* _Exercise description_
Skip every picture. Print each line from the one containing "Клавиатура для планшета" through the end of the records below, word for word.
++++++++++++++++++++
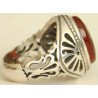 Iran Islam Shia YA Husain ( Oh Imam Husain ) carved in Nice Arabic Calligraphy on Natural Agate Sterling Silver 925 Ring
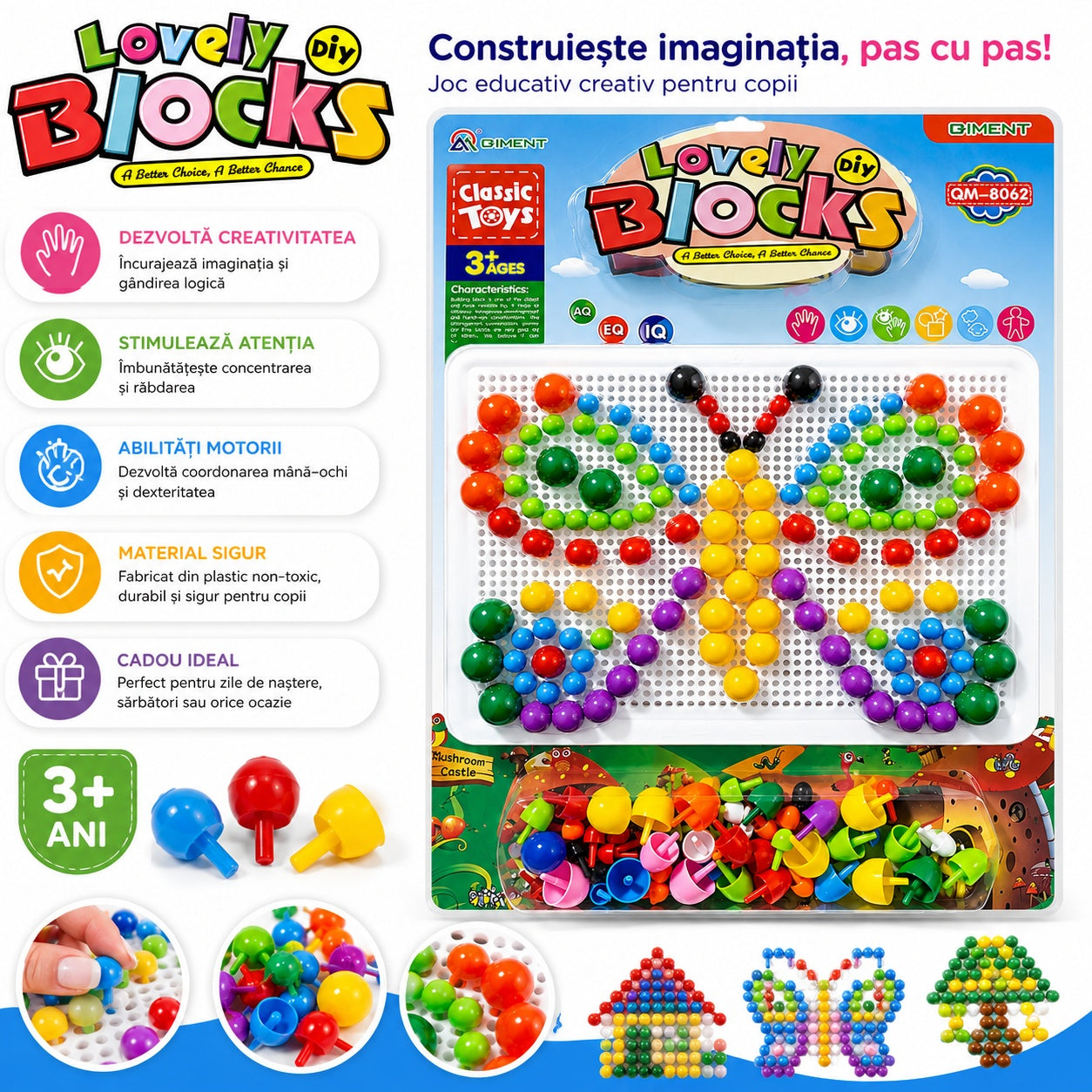 Joc Educativ cu Pioni pentru Copii 3+ Ani – Model Fluture cu Tablă Albă DIY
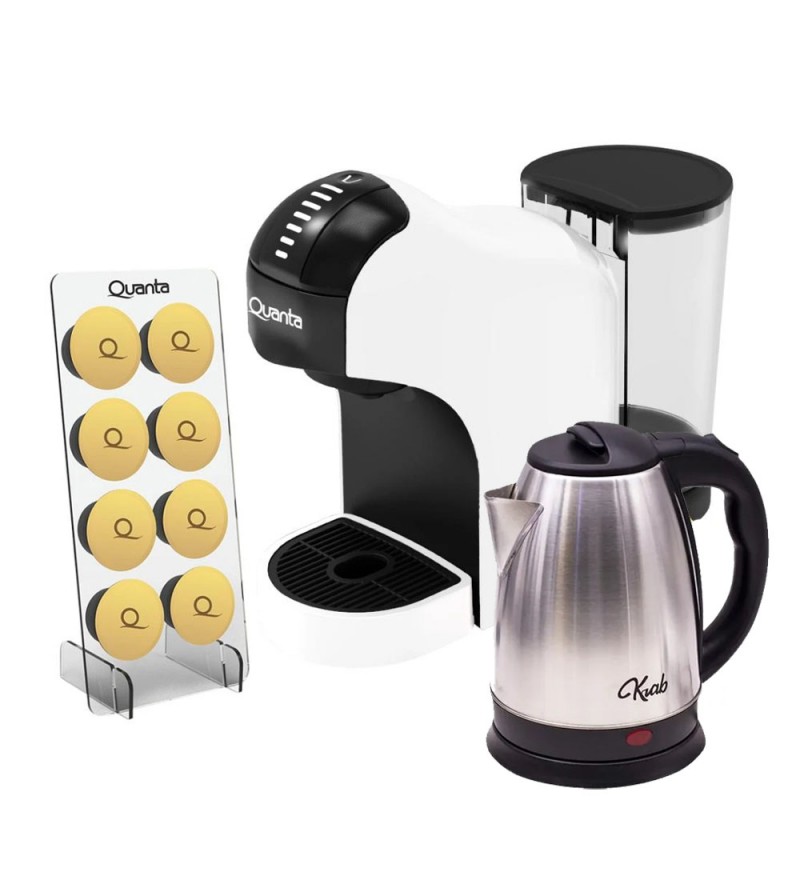 Cafetera Quanta QTCMC50 220V - Blanco + Porta Capsula + Jarra KB2L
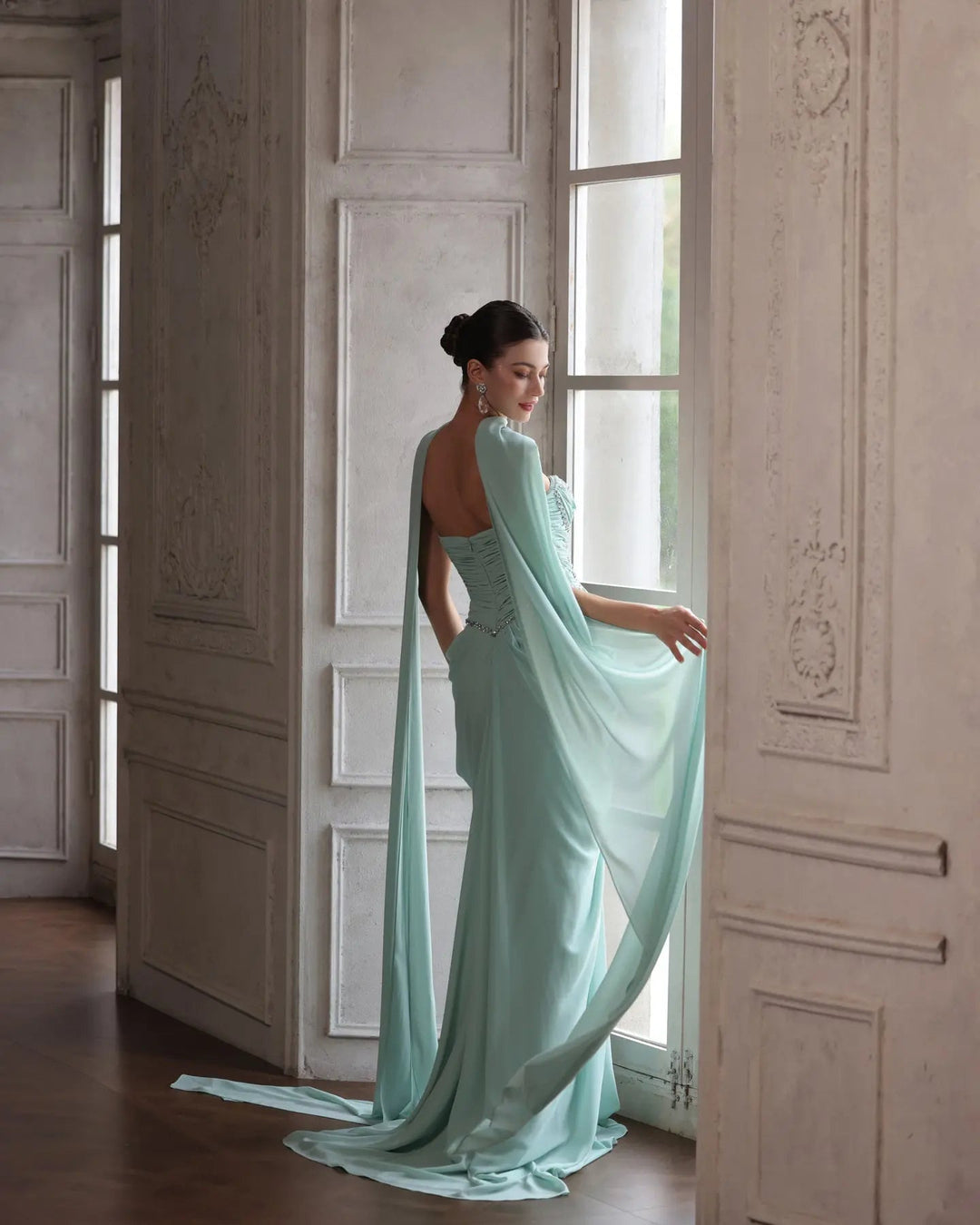 Dreamy Vow SS219 Aqua beaded evening gown, additional view 10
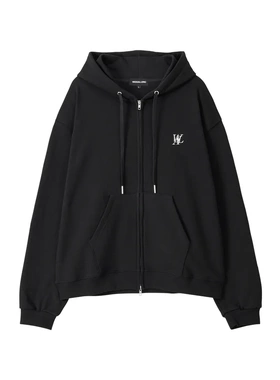 韩国WOOALONG 经典款logo字母刺绣双拉链连帽外套 男女同款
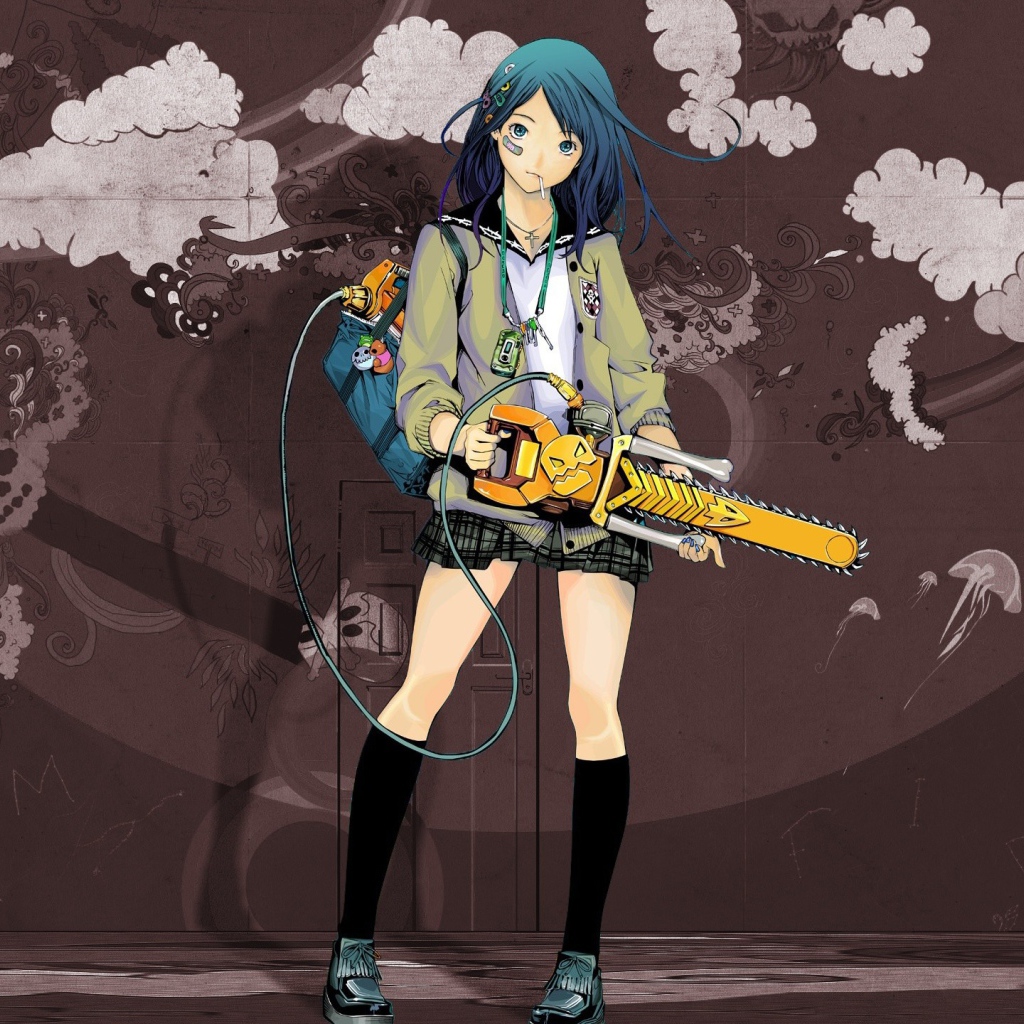 Девушка с бензопилой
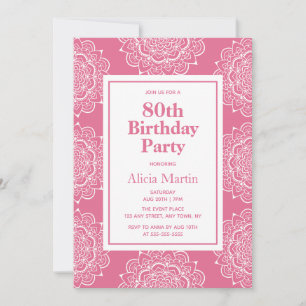 Blush Red & White Mandala Flower 70th Birthday Invitation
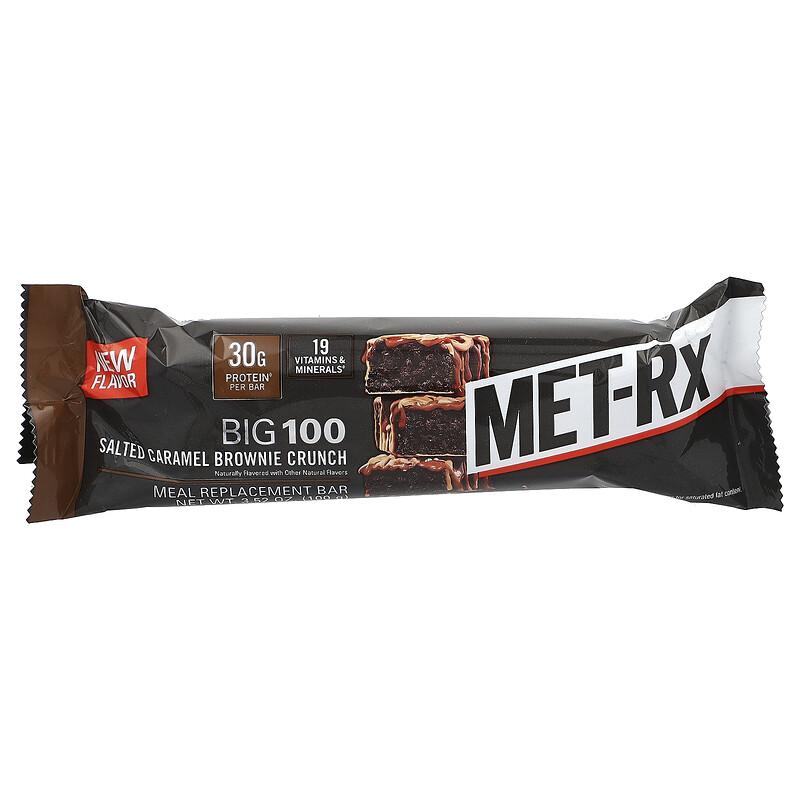 Big 100, Meal Replacement Bar, Salted Caramel Brownie Crunch , 9 Bars, 3.52 oz (100 g) Each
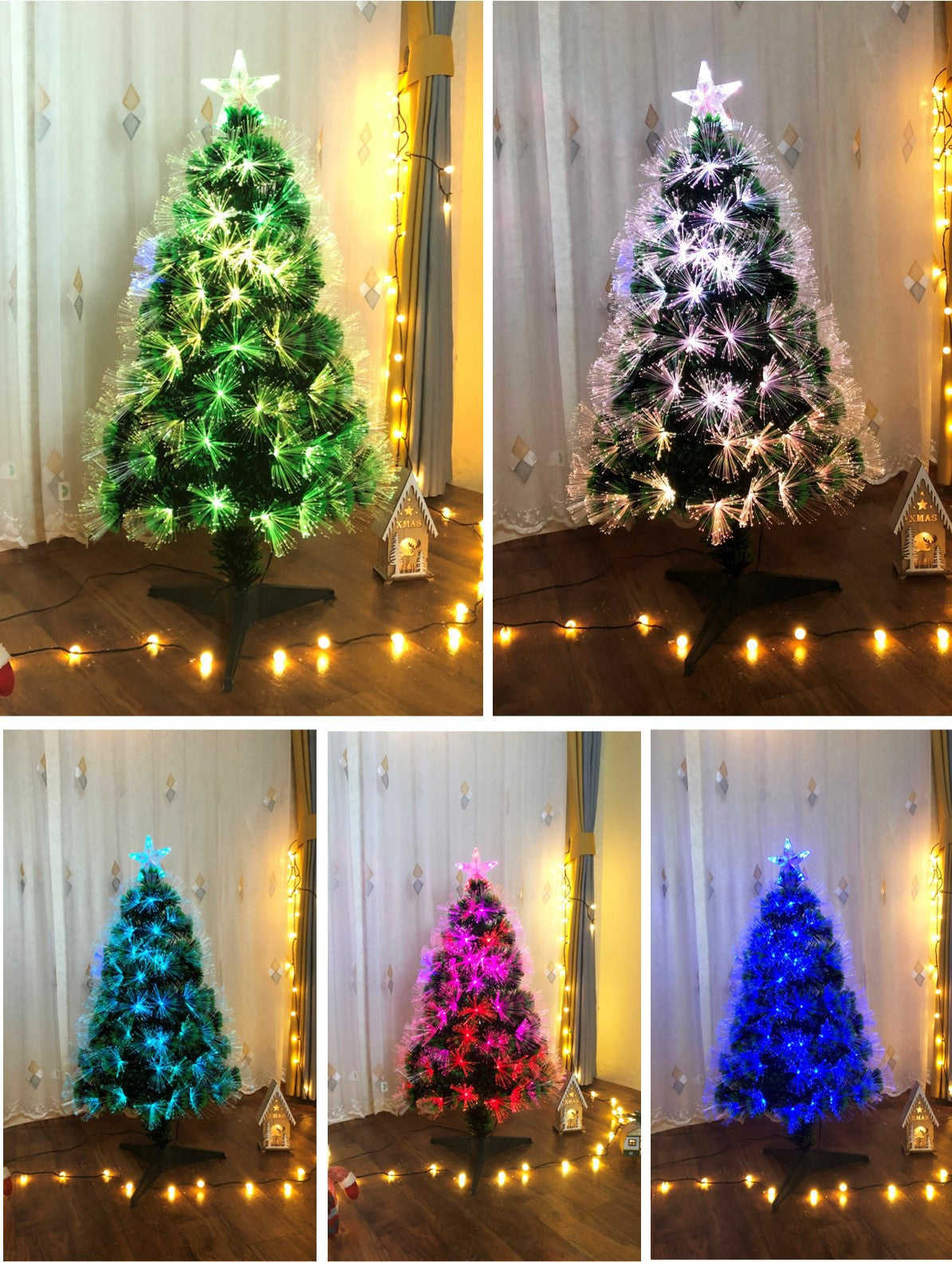 Brad Artificial cu Fibra Optica idealStore, 95 LED-uri RGB, Stea in Varf, Suport Plastic, lumini flash, 90 cm inaltime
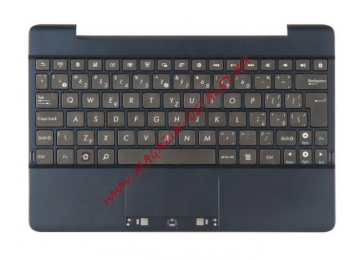 Клавиатура для планшета (трансформера) Asus Transformer Pad TF300T черная с синим топкейсом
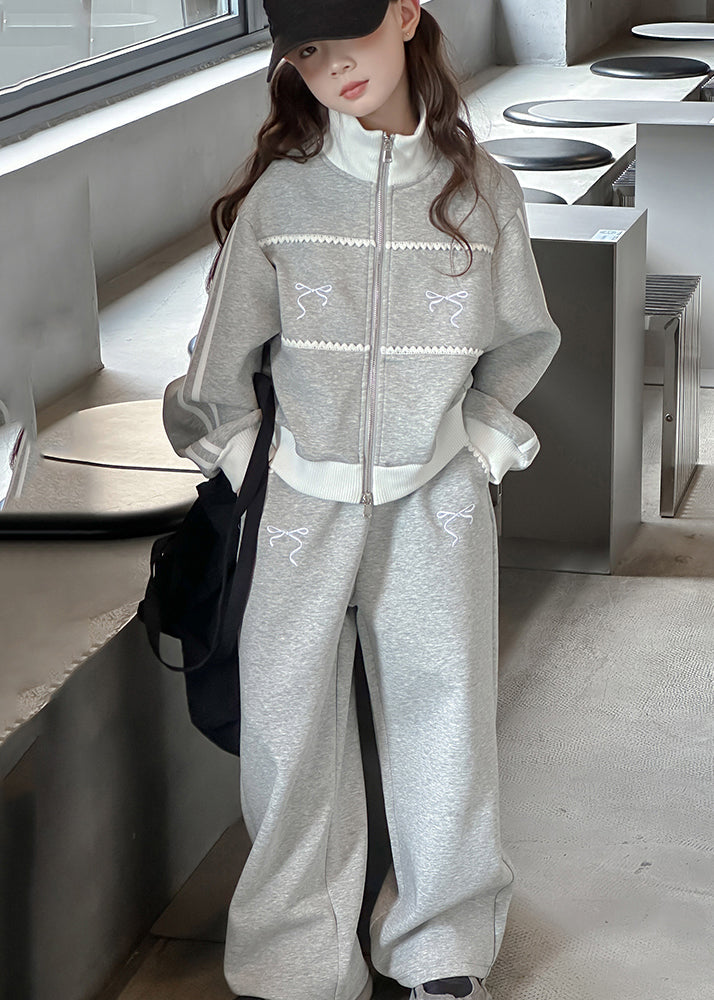 Boutique Grey Stand Collar Patchwork Girls Coats And Wide Leg Pants Two Pieces Sets Spring TR023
++++++++++++++++++++
* _Expected answer_
 Клавиатура для планшета (трансформера) Asus Transformer Pad TF300T черная с синим топкейсом
 Boutique Grey Stand Collar Patchwork Girls Coats And Wide Leg Pants Two Pieces Sets Spring TR023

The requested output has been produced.